### Work order
Go through the entries and copy each one exactly. Leave none out.

### Data shown
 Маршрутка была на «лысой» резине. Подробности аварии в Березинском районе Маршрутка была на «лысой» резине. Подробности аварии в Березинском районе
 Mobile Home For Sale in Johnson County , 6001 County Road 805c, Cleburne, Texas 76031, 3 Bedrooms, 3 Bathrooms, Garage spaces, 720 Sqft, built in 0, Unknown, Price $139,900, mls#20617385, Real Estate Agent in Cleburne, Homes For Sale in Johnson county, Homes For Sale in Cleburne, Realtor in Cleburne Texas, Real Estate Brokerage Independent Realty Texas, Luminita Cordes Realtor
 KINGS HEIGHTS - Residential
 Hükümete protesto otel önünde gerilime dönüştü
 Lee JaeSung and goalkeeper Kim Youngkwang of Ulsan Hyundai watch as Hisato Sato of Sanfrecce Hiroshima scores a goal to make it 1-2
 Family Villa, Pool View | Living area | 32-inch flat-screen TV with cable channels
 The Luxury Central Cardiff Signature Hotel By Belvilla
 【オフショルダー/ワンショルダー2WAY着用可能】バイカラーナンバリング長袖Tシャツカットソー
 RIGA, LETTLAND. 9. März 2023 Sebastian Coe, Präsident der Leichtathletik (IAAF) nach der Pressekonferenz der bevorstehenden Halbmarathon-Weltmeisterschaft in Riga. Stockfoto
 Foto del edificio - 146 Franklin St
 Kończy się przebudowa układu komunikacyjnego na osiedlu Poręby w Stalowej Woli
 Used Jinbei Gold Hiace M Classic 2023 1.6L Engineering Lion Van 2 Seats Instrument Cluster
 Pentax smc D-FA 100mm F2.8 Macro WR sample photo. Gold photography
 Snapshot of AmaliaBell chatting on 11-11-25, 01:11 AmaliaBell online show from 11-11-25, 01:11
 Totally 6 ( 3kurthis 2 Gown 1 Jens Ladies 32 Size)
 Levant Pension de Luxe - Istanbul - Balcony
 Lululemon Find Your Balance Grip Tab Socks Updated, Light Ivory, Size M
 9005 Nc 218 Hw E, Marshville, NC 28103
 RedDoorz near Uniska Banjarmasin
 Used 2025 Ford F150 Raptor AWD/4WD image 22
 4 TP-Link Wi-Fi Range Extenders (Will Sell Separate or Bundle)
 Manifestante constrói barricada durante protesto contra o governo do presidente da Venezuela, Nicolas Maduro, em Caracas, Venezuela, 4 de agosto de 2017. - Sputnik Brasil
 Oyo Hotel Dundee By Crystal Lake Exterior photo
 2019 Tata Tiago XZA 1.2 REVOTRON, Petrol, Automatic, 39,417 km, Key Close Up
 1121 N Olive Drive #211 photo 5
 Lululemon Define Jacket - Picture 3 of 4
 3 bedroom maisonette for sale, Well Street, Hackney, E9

### Response to the exercise
 Маршрутка была на «лысой» резине. Подробности аварии в Березинском районе Маршрутка была на «лысой» резине. Подробности аварии в Березинском районе
 Mobile Home For Sale in Johnson County , 6001 County Road 805c, Cleburne, Texas 76031, 3 Bedrooms, 3 Bathrooms, Garage spaces, 720 Sqft, built in 0, Unknown, Price $139,900, mls#20617385, Real Estate Agent in Cleburne, Homes For Sale in Johnson county, Homes For Sale in Cleburne, Realtor in Cleburne Texas, Real Estate Brokerage Independent Realty Texas, Luminita Cordes Realtor
 KINGS HEIGHTS - Residential
 Hükümete protesto otel önünde gerilime dönüştü
 Lee JaeSung and goalkeeper Kim Youngkwang of Ulsan Hyundai watch as Hisato Sato of Sanfrecce Hiroshima scores a goal to make it 1-2
 Family Villa, Pool View | Living area | 32-inch flat-screen TV with cable channels
 The Luxury Central Cardiff Signature Hotel By Belvilla
 【オフショルダー/ワンショルダー2WAY着用可能】バイカラーナンバリング長袖Tシャツカットソー
 RIGA, LETTLAND. 9. März 2023 Sebastian Coe, Präsident der Leichtathletik (IAAF) nach der Pressekonferenz der bevorstehenden Halbmarathon-Weltmeisterschaft in Riga. Stockfoto
 Foto del edificio - 146 Franklin St
 Kończy się przebudowa układu komunikacyjnego na osiedlu Poręby w Stalowej Woli
 Used Jinbei Gold Hiace M Classic 2023 1.6L Engineering Lion Van 2 Seats Instrument Cluster
 Pentax smc D-FA 100mm F2.8 Macro WR sample photo. Gold photography
 Snapshot of AmaliaBell chatting on 11-11-25, 01:11 AmaliaBell online show from 11-11-25, 01:11
 Totally 6 ( 3kurthis 2 Gown 1 Jens Ladies 32 Size)
 Levant Pension de Luxe - Istanbul - Balcony
 Lululemon Find Your Balance Grip Tab Socks Updated, Light Ivory, Size M
 9005 Nc 218 Hw E, Marshville, NC 28103
 RedDoorz near Uniska Banjarmasin
 Used 2025 Ford F150 Raptor AWD/4WD image 22
 4 TP-Link Wi-Fi Range Extenders (Will Sell Separate or Bundle)
 Manifestante constrói barricada durante protesto contra o governo do presidente da Venezuela, Nicolas Maduro, em Caracas, Venezuela, 4 de agosto de 2017. - Sputnik Brasil
 Oyo Hotel Dundee By Crystal Lake Exterior photo
 2019 Tata Tiago XZA 1.2 REVOTRON, Petrol, Automatic, 39,417 km, Key Close Up
 1121 N Olive Drive #211 photo 5
 Lululemon Define Jacket - Picture 3 of 4
 3 bedroom maisonette for sale, Well Street, Hackney, E9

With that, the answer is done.